Q3 — Predict and justify
(a) Keq = 54.3 > 1, so the equilibrium lies strongly to the right — at equilibrium, [HI] > [H2]; there will be significantly more HI than H2. 1 mark for prediction; 1 mark for linking to Keq > 1.
(b) ICE table: I: H2 = 0.200, I2 = 0.200, HI = 0. C: H2 = −x, I2 = −x, HI = +2x. E: H2 = 0.200−x, I2 = 0.200−x, HI = 2x.
(c) Keq = (2x)²/[(0.200−x)(0.200−x)] = 4x²/(0.200−x)² = 54.3. Take √ both sides: 2x/(0.200−x) = 7.369. 2x = 1.474 − 7.369x. 9.369x = 1.474 × 0.1000... Wait — correctly: 7.369 × 0.200 = 1.4738; 2x + 7.369x = 1.4738; 9.369x = 1.4738; x = 0.1573 mol/L. Equilibrium: [H2] = [I2] = 0.200 − 0.157 = 0.043 mol/L; [HI] = 2(0.157) = 0.314 mol/L. (Accept rounding differences.)
(d) Verification: (0.314)²/[(0.043)(0.043)] = 0.0986/0.00185 = 53.3 ≈ 54.3 ✓ (small discrepancy from rounding).

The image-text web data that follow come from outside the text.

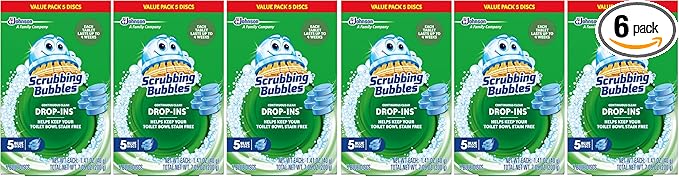 Scrubbing Bubbles Continuous Clean Toilet Drop-Ins, Automatic Blue Toilet Bowl Cleaner, Septic-Safe Tank Tablets Remove Hard Water Minerals & Limescale, Stain & Smell Protection, 5 Count (Pack of 6)
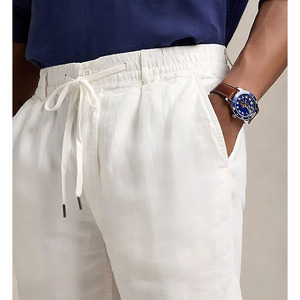 Pantalon décontracté en toile épaisse pour homme avec cordon de serrage à la taille, idéal pour l'été, la plage et le yoga, anti-rétrécissement - Product Image 5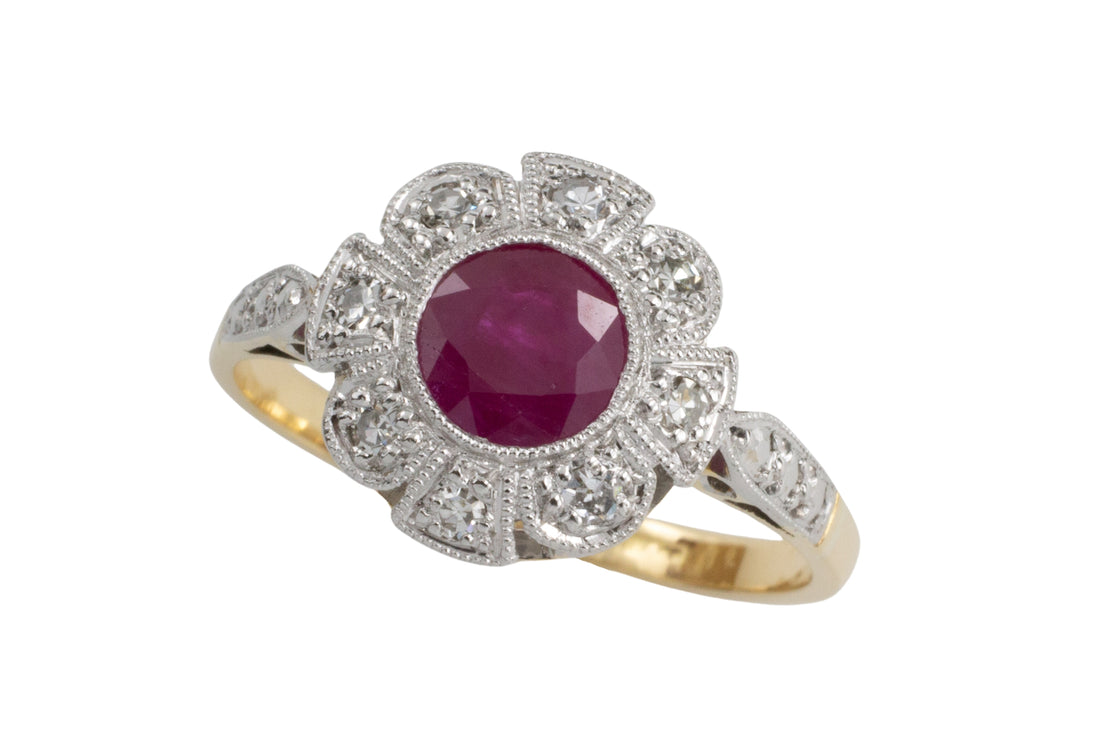 Vintage ruby and diamond ring in platinum and gold-engagement rings-The Antique Ring Shop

Q4 — Compare direct substitution vs ICE table
| Feature | Direct substitution | ICE table method |
|---|---|---|
| What data is given? | All equilibrium concentrations directly | Initial concentrations (and sometimes one equilibrium concentration or Keq) |
| Is algebra required? | No — arithmetic only | Yes — solve for x (linear, square root, or quadratic) |
| When is it used? | When equilibrium concentrations of all species are already known | When only some concentrations at equilibrium (or Keq) are known |
| Role of stoichiometry | Only in writing powers in Keq expression | Critical in Change row — sets multiples of x for every species |
| Is verification possible? | Yes — recalculate Keq | Yes — substitute equilibrium row back into Keq expression |
| One example reaction | 2SO₂ + O₂ ⇌ 2SO₃ (all [eq] given) | H₂ + I₂ ⇌ 2HI (Keq given, find [eq]) |
Q5 — Data table
(a) For each trial: Δ[N2O4] = [NO2]eq/2 (stoichiometric ratio 1:2). [N2O4]eq = initial − Δ. Keq = [NO2]²/[N2O4].

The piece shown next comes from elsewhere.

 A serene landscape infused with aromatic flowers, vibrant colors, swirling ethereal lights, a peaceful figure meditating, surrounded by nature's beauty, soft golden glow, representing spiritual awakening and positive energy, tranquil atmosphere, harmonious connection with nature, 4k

Trial 1: Δ = 0.136/2 = 0.068; [N2O4]eq = 0.200 − 0.068 = 0.132 mol/L; Keq = (0.136)²/0.132 = 0.01850/0.132 = 0.140.
Trial 2: Δ = 0.204/2 = 0.102; [N2O4]eq = 0.400 − 0.102 = 0.298 mol/L; Keq = (0.204)²/0.298 = 0.04162/0.298 = 0.140.
Trial 3: Δ = 0.257/2 = 0.1285; [N2O4]eq = 0.600 − 0.1285 = 0.4715 mol/L; Keq = (0.257)²/0.4715 = 0.06605/0.4715 = 0.140.

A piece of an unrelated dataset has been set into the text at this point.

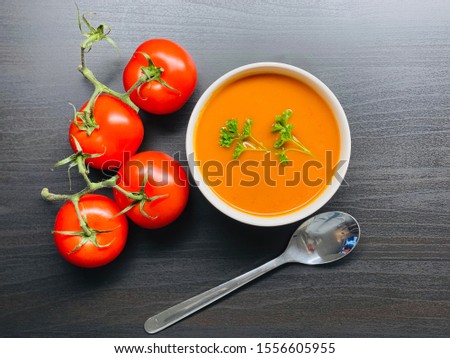 Similar – Kürbissuppe und Zutaten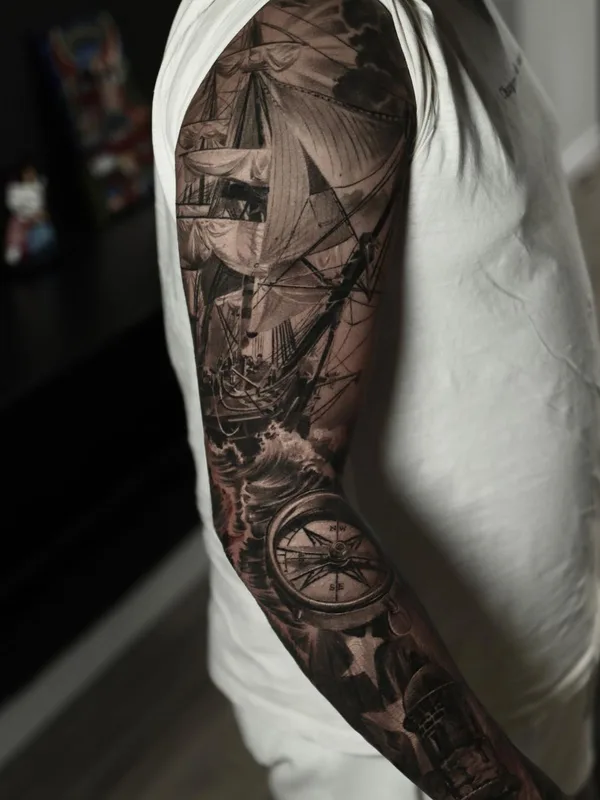 black and grey realism tattoo on full sleeve #64024 | Tattoo Artist Fabiano Nogarolli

(b) All three Keq values equal 0.140, confirming that Keq is independent of initial concentration — only temperature determines Keq. 1 mark for "equal (0.140 each)"; 1 mark for linking to temperature-dependence only.
(c) Temperature (held constant at 55°C throughout) — if temperature varied, Keq would change, invalidating the comparison between trials. Accept also volume/pressure of flask (1.00 L).